Most of us have probably found ourselves prisoner to our emotions at some point in our lives. Maybe we were criticized by a superior. Maybe a stranger was unnecessarily discourteous to us. Maybe a family member said or did something hurtful.

It is so simple to react to that in that moment. To be provoked into defensiveness, to get angry, to retort something hurtful. It happens to all of us. But just because something 'happens to all of us' doesn't mean it's right.

One of the most empowering values espoused by psychological literature and self-help books is our ability to decide on our reactions in any given situation. The 7 Habits of Highly Effective People author Stephen Covey writes, "Look at the word responsibility - 'response-ability' - the ability to choose your response. Highly proactive people recognize that responsibility. They do not blame circumstances, conditions, or conditioning for their behaviour. Their behaviour is a product of their own conscious choice, based on values, rather than a product of their conditions, based on feelings."

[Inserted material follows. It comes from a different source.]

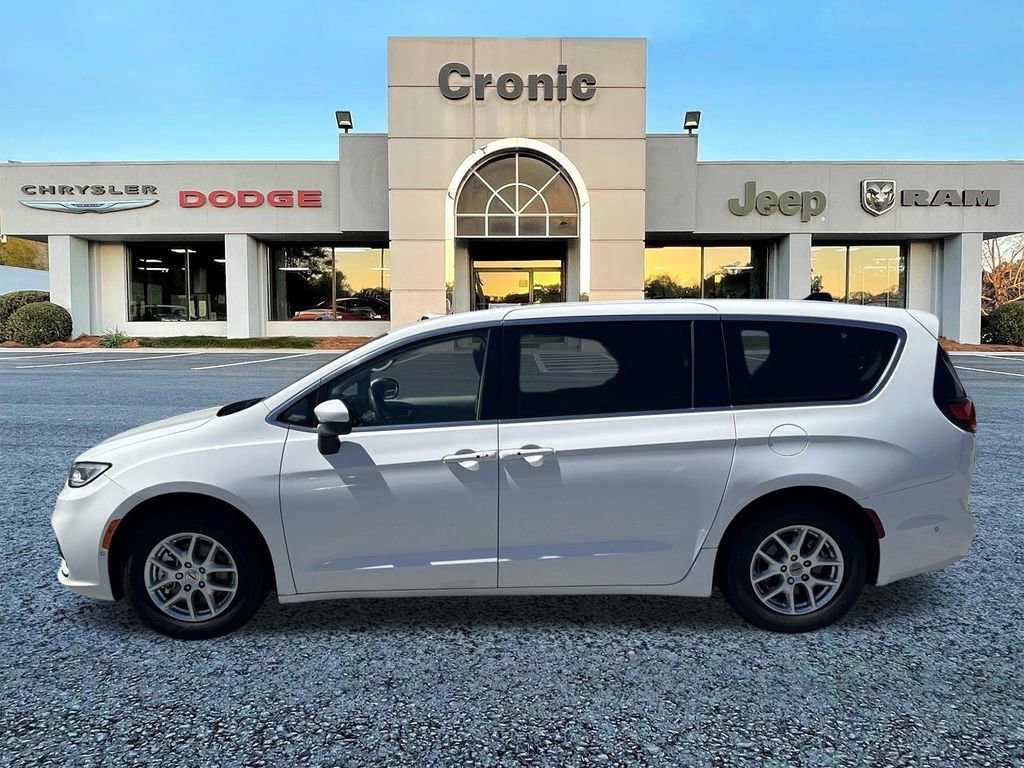 Used 2023 Chrysler Pacifica Touring-L FWD image 6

He describes the difference between Proactive and Reactive people. Reactive people are easily influenced by their social environment - when people treat them well, they feel well; when people don't, they become defensive or protective. Reactive people build their emotional lives around the behaviour of others, empowering the weaknesses of other people to control them. Proactive people are also influenced by external stimuli; however, their response to the stimuli is a choice instead of a reaction.

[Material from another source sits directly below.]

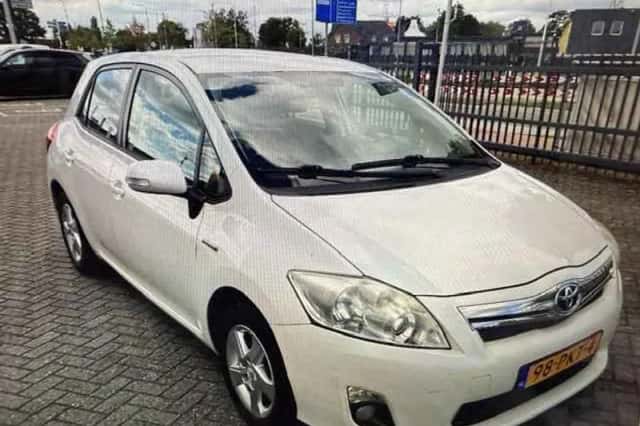 Toyota Auris (2011) thumbnail 2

In the words of Eleanor Roosevelt: "No one can hurt you without your consent."

In the words of Gandhi: "They cannot take away our self-respect if we do not give it to them."

Therefore take your emotions as they come, visualize them in a bubble, and set them where you can examine them. It gives you a clearer mind, a better view of the situation, what you wanted from it, the reasons why, and how you can express it in love.

You can't change the way people act, you can only change the way you react to or interpret them.

Processing your emotions doesn't mean suppressing them. There is a difference between accepting your emotions versus denying them. When you process your emotions, you accept them without judgment of yourself or of others. You view them neutrally as a third party would. This is not the same as sweeping your emotions under the carpet as they arise in you just so that you would not react in a way you might regret. Suppression of emotions this way is likely to backfire, because these unaddressed emotions will accumulate into bitterness, and there will be a point of time in future when a trigger would release the flood of resentment onto someone who was unfortunate enough to be the trigger. And that someone will likely be someone who matters to you.

Processing your emotions isn't going to be easy. It takes energy, it takes mindfulness, and it takes time. But it is worth it. You will grow as a person. You will be able to step back rationally, and see the bigger picture. You will become a master, and not a slave, to your emotions. Relationships improve, conflicts reduce, understanding increases... and it all starts with you.